Mariana A Miserável: “O humor é uma boia de salvação”
Uma das mais talentosas ilustradoras portuguesas. Trabalha entre o Porto e Lisboa. Acaba de inaugurar a exposição coletiva “A Casa Amarela” na Cooperativa Árvore (Porto) para visitar até 29 de junho
O que foi antes de ser “A Miserável”? Fui a Mariana à procura do que queria ser.
A precariedade passou a ser terreno fértil para a criação? Se me dessem a escolher, preferia aos 32 anos não sentir insegurança com o dinheiro que pode ou não chegar para tudo, com o trabalho incerto, com a casa que pode a qualquer momento ser um hostel, com futuro e a ausência de reforma. Não sei até que ponto o conforto resulta em inércia porque nunca passei por isso mas penso que a necessidade de criar não vem daí, preferia não ter de pensar nessa parte.
A sua ilustração não acredita em finais felizes? Os meus desenhos escolhem a realidade que é feliz e infeliz e nos toca a todos.
As histórias de encantar foram o nosso primeiro engano? Eu tinha a cassete de “A Bela e o Monstro” e vi-a vezes sem conta, mas sempre gostei mais de ficar a ouvir as conversas dos adultos à mesa.
O humor nem em dias tristes a abandona? O humor é uma boia de salvação. No outro dia fui assaltada e aquilo deixou-me transtornada mas depois imaginei o ladrão a selecionar um relógio da Parfois da minha humilde caixa de ‘joias’ e ri-me.
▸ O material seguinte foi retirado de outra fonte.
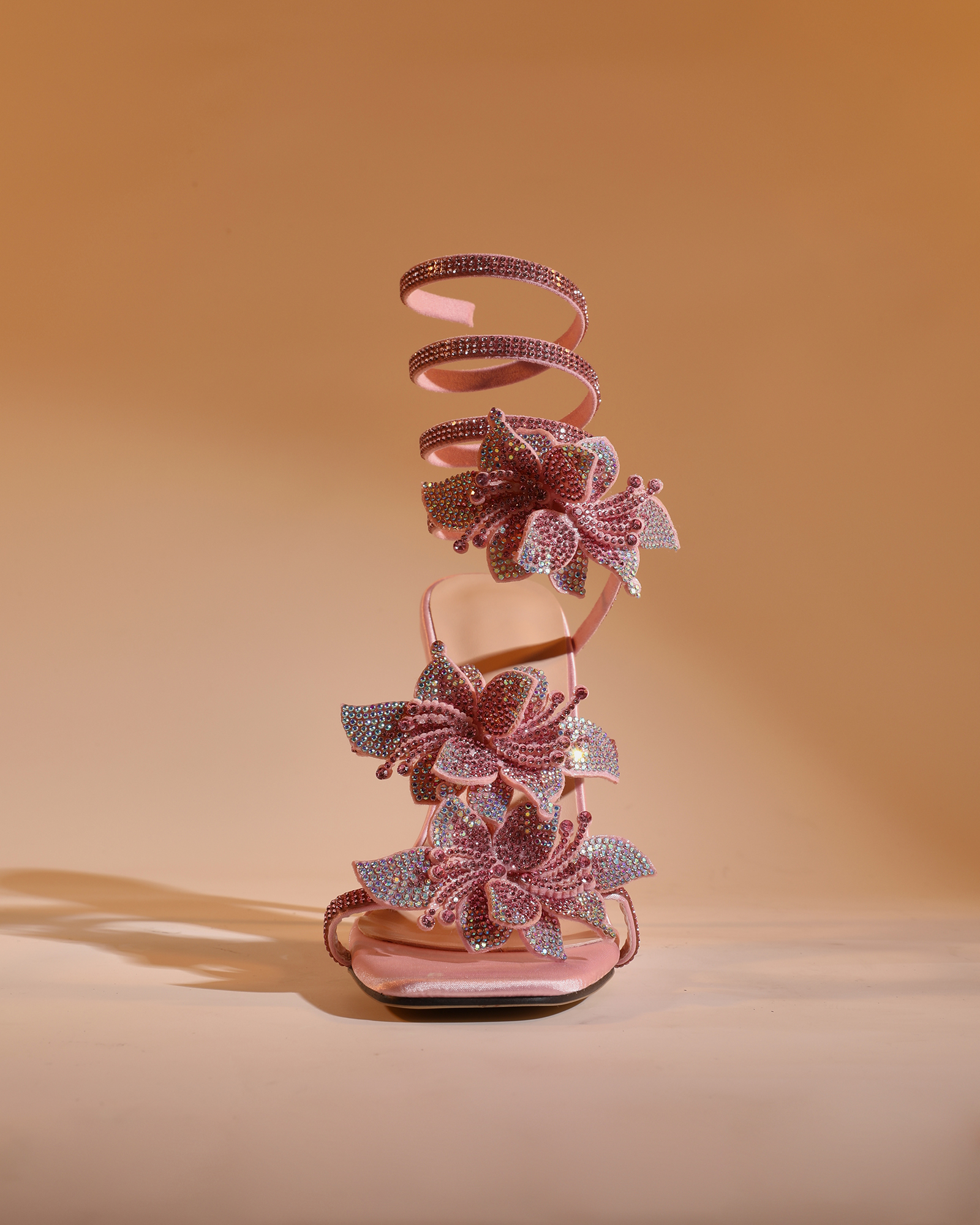 Ealar Flower Snake Sandals In Pink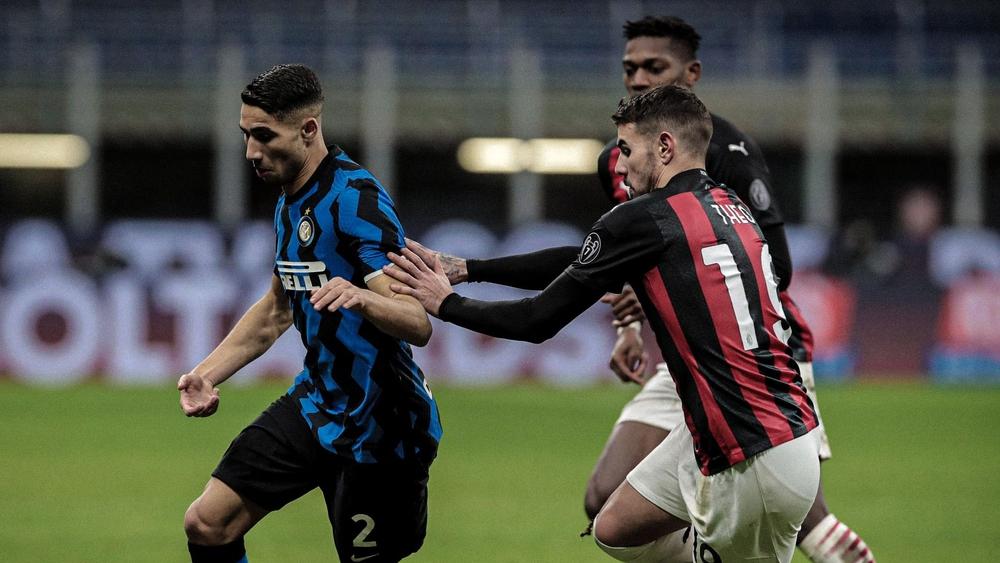 حكيمي يشارك كأساسي في "ديربي الصدارة" بين ميلان والإنتر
Como descobriu o ‘traço’ que a define? O traço já estava lá, é como um osso, à medida que vou crescendo ele sofre alterações mas a matéria é a mesma.
E, de repente, são muitos e bons os novos ilustradores. Parece haver lugar para todos? Basta ir à Festa da Ilustração em Setúbal e a outras grandes exposições coletivas de ilustração portuguesa para perceber que Portugal é cada vez mais solo fértil para ilustradores. Eu acredito que, apesar de não ser uma “profissão” fácil, há lugar para todos, principalmente para os que não olham para a ilustração como um território fechado. Hoje em dia um ilustrador não se dedica só a livros, jornais e revistas e ainda bem.
A escala (e a forma dos seus bonecos) é uma espécie de hino à imperfeição? É um hino a não haver regras.
Vivemos todos obcecados com metas e balanças? Se já existia a tendência intrínseca para questionarmos o que andamos aqui a fazer, as redes sociais vieram potenciar isso. As expectativas agora são criadas com base na comparação com aquilo que os outros mostram, que é sempre alegre, bonito e irreal e isso é um perigo. Não quero demonizar as redes sociais porque delas também têm coisas boas, mas quero acreditar que a tendência se vai inverter e que vamos poder ser miseráveis em paz.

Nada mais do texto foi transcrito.